Last morning in Ireland. I mean no inslut at all — quite the opposite — by declaring that this is a country that does pubs very well. However, this guy was starting rather early, it has to be said.
Friday evening, and Ireland goes to the pub. The inscription on the glass raised a smile.
I am in Ireland for a couple of days. Why? Just because I could, and I needed the head-space, and I like going to new places. I’ve been to Dublin before, but not here, which is Howth (pronounced ‘Hoat’ by the locals, seemingly), sitting on a headland just outside the city. If you’ve heard of it at all it’s probably from the opening lines of Finnegan’s Wake:
riverrun, past Eve and Adam’s, from swerve of shore to bend of bay, brings us by a commodius vicus of recirculation back to Howth Castle and Environs.
Not that anyone’s actually read Finnegan’s Wake of course. Try it, you’ll see why.
Made my weekly visit to Manchester today, to little effect, but I did like this montage, seen on a colleague’s office door.

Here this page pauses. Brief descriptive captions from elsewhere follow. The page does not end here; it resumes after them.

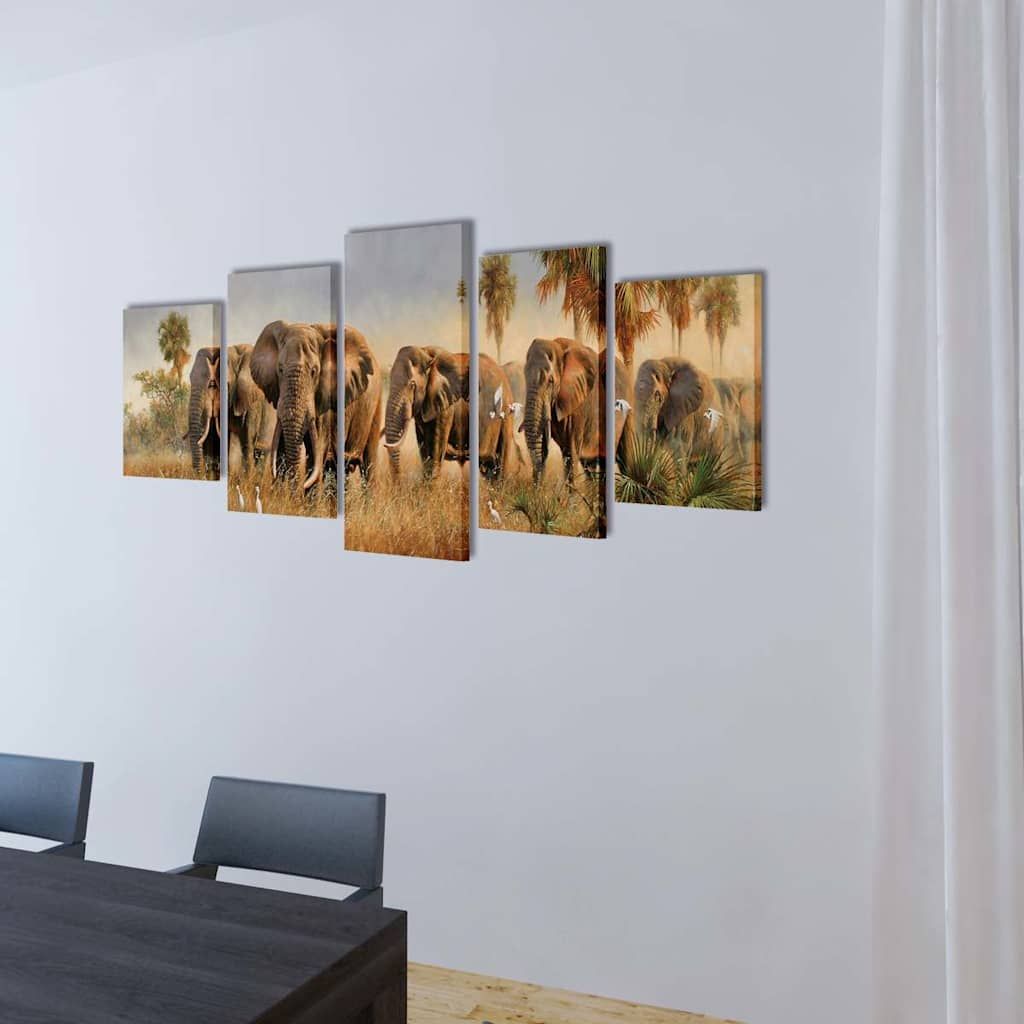 5 pz Set Stampa su Tela da Muro Elefanti 200 x 100 cm vidaXL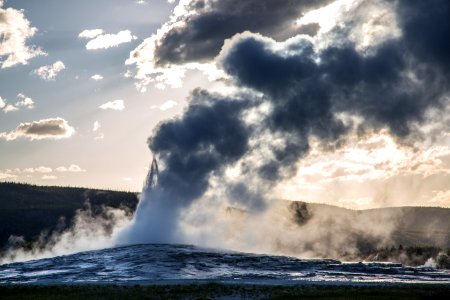 Sunset eruption of Old Faithful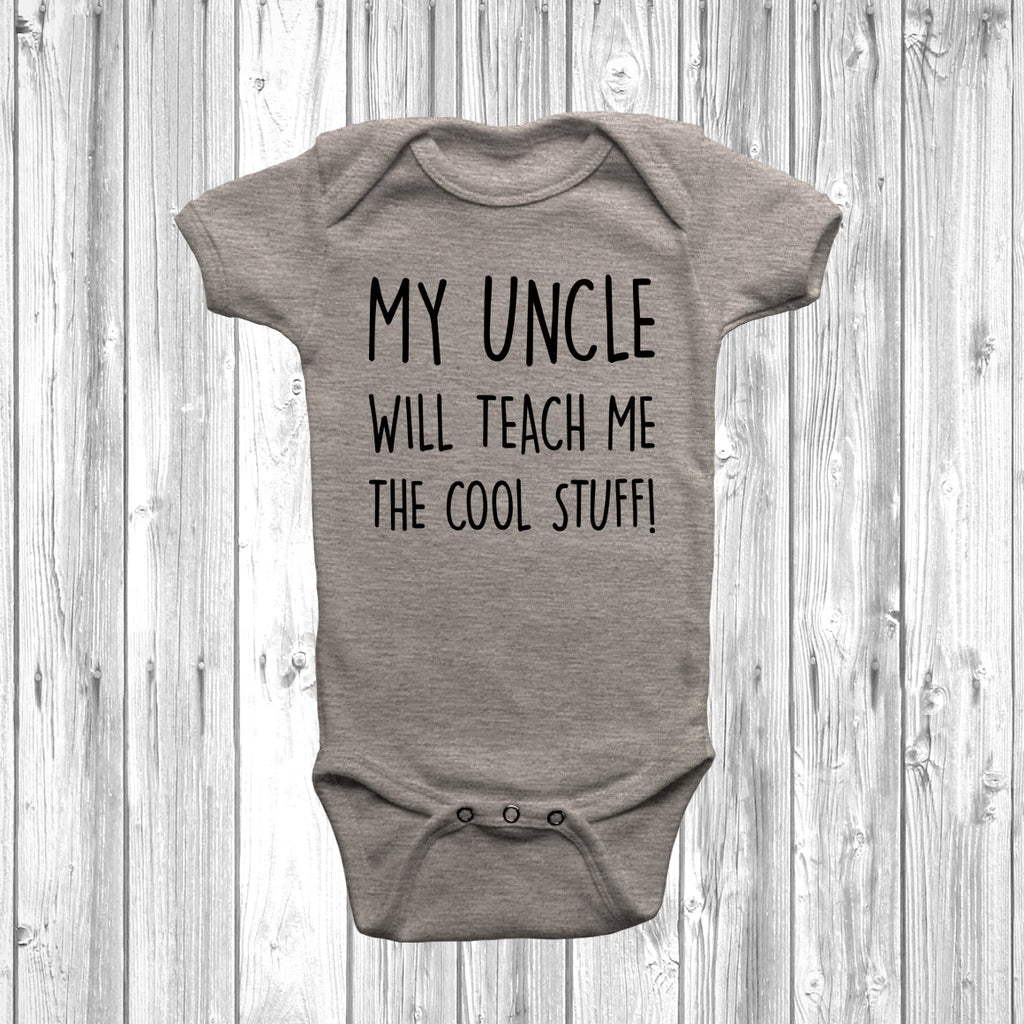 Get trendy with My Uncle Will Teach Me The Cool Stuff Baby Grow - Baby Grow available at DizzyKitten. Grab yours for £7.95 today!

I like the plaintive comment on the pink post-it. My students react to my teaching in that way, much of the time.
The summit of Caudale Moor is also known as Stony Cove Pike. In the background, the peaks of Ill Bell and its little brother Froswick. Behold, the payoff for working yesterday.

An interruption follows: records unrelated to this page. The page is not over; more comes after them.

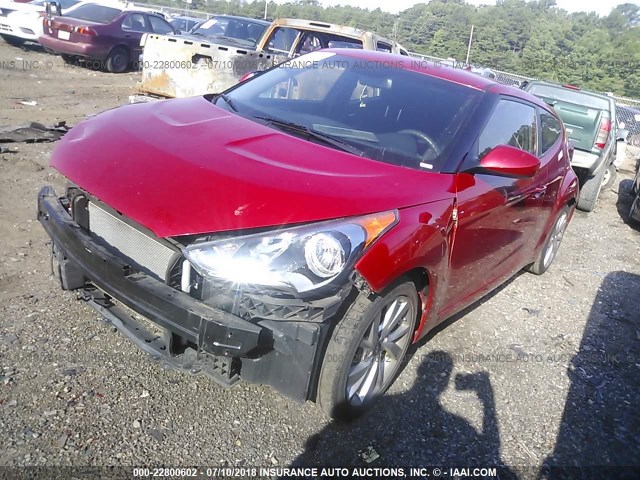 KMHTC6AD7GU261360 - 2016 HYUNDAI VELOSTER RED photo 2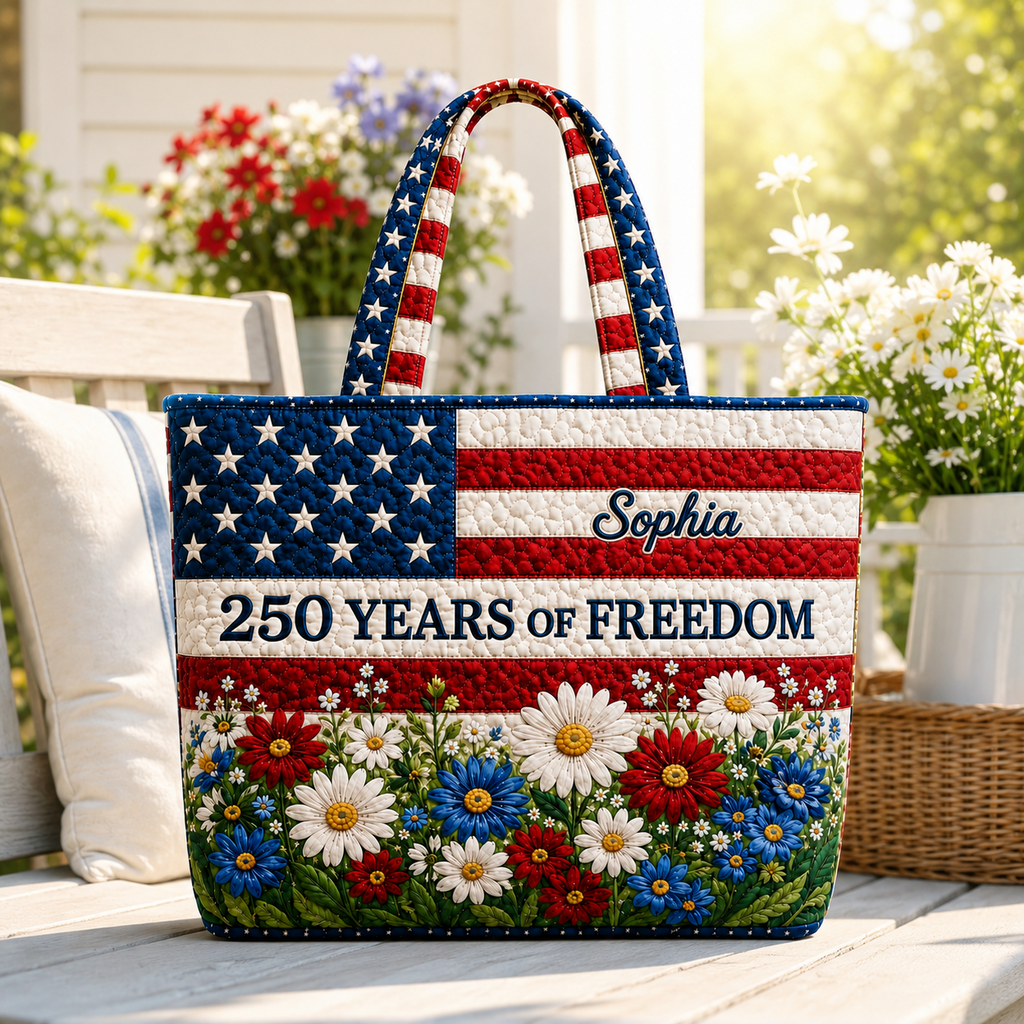 Personalized Quilted Tote Bag 250 Years of Freedom Gift for Her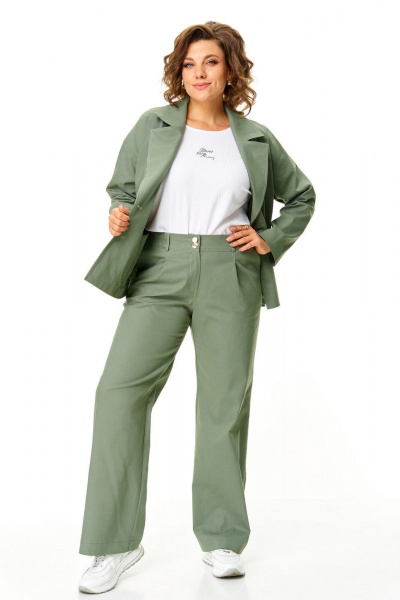 Брюки, жакет VI ORO VR-1207 олива - фото 19
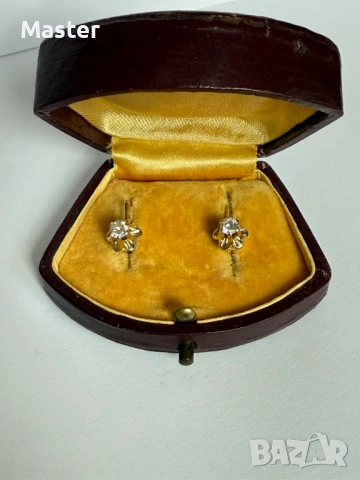 Руски класически 14k златни обеци със диаманти, снимка 7 - Обеци - 53353022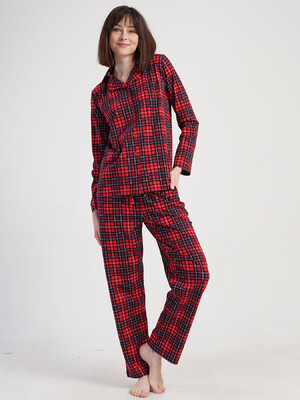 Купить Хлопковая женская классическая пижама в клетку VIENETTA 5010353029 в Украина в Lingerie.ua - Одяг для дому та відпочинку, Видео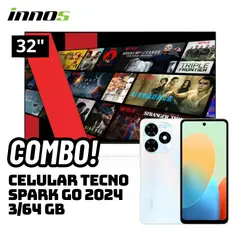 GENERICO - TELEVISOR INNOS 32 SMART TV ANDROID TV HD LED - S3201KU + CELULAR TECNO SPARK GO 2024 3/64 GB BLANCO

It was a public holiday today but I stayed in and worked: don’t give me sympathy though. It’s just a swap with tomorrow. And it rained today, anyway.
Getting the train from Hebden Bridge to points further north-west involves passing through — or rather (on a viaduct), over — the town of Accrington. I once got involved in a conversation on social media as to which was England’s most ‘Northern’ town, meaning, not geographically, but culturally, stereotypically. This place won, and each time I cross the viaduct and see its seemingly endless ranks of terraced, back-to-back housing, I remember why. This is just a small part of the whole. LS Lowry could paint Accrington as it looks today, and few would doubt the authenticity.

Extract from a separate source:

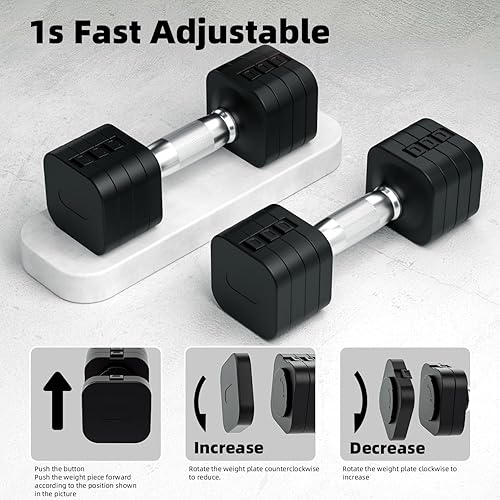 Miniatura 5 de 20LB Adjustable Dumbbell Set, 10lb Dumbbells Set of 2, 5 in 1 Free Weights Set, Each 4lb 6lb 8lb 10lb for Women & Men for Home Gym Exercise Workout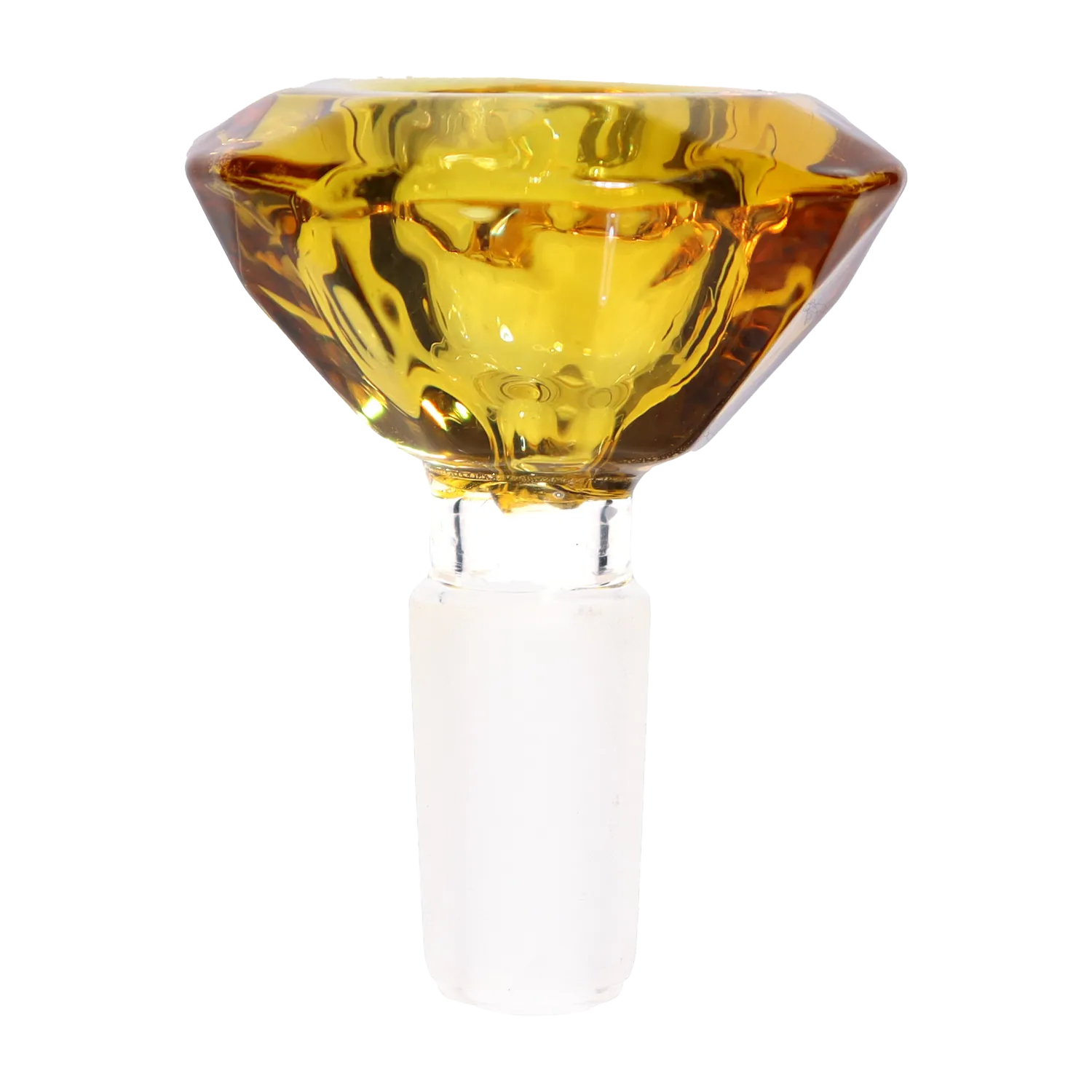 Close-up front view of the amber-colored DHC Deluxe Diamond Bowl - 14mm showing its faceted diamond-shaped glass bowl and clear frosted joint.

After last year’s glut, our plums are going to have one of their years off, this is obvious already. But there are dozens of these little babies on the branches of the apple tree. Come back to us in September for the harvest.
One of those highly uneventful days when even everyday scenes are hard to come by. Still, the sun shone, and on such a day, drifting along the canal has a certain appeal, whether you’re human and have to use artificial contraptions to do so, or a goose, who can just use what nature provides.
On the day I started this blog, 26/8/11, Joe was just short of being eight-and-a-half years old. He did not finish primary school until July 2014. Yet today was his last day of lessons at Calder High — there are still exams to do, but no more classes. He arrived home at lunchtime in a shirt scrawled with signatures from staff and classmates. I can’t be the only parent asking — where does the time go? How quickly it passes… at least for him. (Not for me. My life moves at a crawl.)